Robert King, is a civil rights campaigner who spent 31 years incarcerated in a notorious prison in the USA, for a crime he did not commit. King, the only freed member of the Angola 3 who is living, spent 29 years in solitary confinement in Angola Penitentiary, Louisiana – in a six foot by nine foot cell – before his conviction was overturned and he was released on 8 February 2001. The other members of the Angola 3 are Herman Wallace who passed away in 2013 and Albert Woodfox who served 43 years in solitary confinement in a Louisiana state penitentiary.
In 1970, a jury convicted King of a crime he did not commit and sentenced him to 35 years in prison. Whilst serving this sentence, he met Wallace and Woodfox and they formed one of the only recognised Black Panther Party prison chapters and they protested against continued segregation, corruption and abuse facing the largely black prison population within Angola.
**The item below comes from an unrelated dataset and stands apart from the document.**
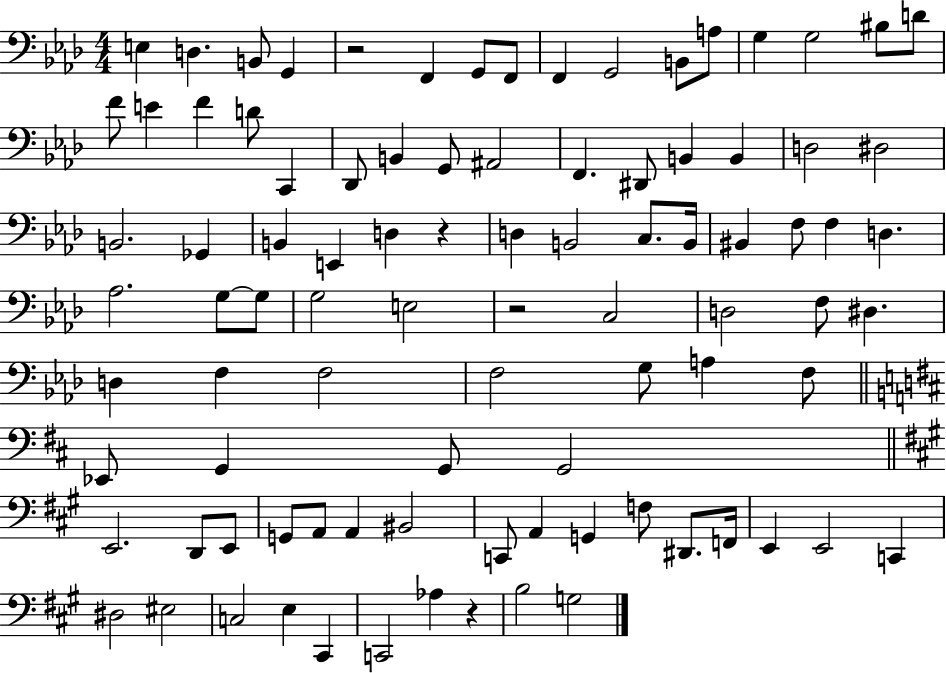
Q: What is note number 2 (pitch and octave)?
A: D3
In 1972, targeted for their activism, Wallace and Woodfox were convicted for the murder of a prison guard, Brent Miller, despite there being no physical evidence against them. King too was thrown into solitary at Angola because he was under investigation for the Miller murder, even though he was 150 miles away when it happened. He was subsequently accused of the murder of another prisoner in Angola, again convicted by an all white jury on the evidence of unreliable witnesses who all subsequently recanted, before his conviction was overturned in 2001.
Since his release, King’s life’s focus has been to campaign against abuses in the US criminal justice system and the cruel and unusual use of solitary confinement. Globally, politicians and NGO’s have cited the case of the Angola 3 as a gross miscarriage of justice, including Amnesty International who states the long-term use of solitary confinement in the case is a violation of the US Constitution and international human rights treaties.
King advocates globally on behalf of other political prisoners, including having given evidence at US congressional hearings on solitary, numerous lectures and sharing his testimony with parliaments from Europe, South Africa to Brazil. In October 2012, King received an Honorary Doctor of Laws degree from Anglia Ruskin University, Cambridge, UK for his achievements as a civil rights campaigner. When he is not travelling, (Dr) King lives in Austin Texas and enjoys spending time with friends, his dog Kenya and making praline »freelines« candy which he started making in Angola for prisoners on Death Row.
King has published his story in the autobiography From the Bottom of the Heap.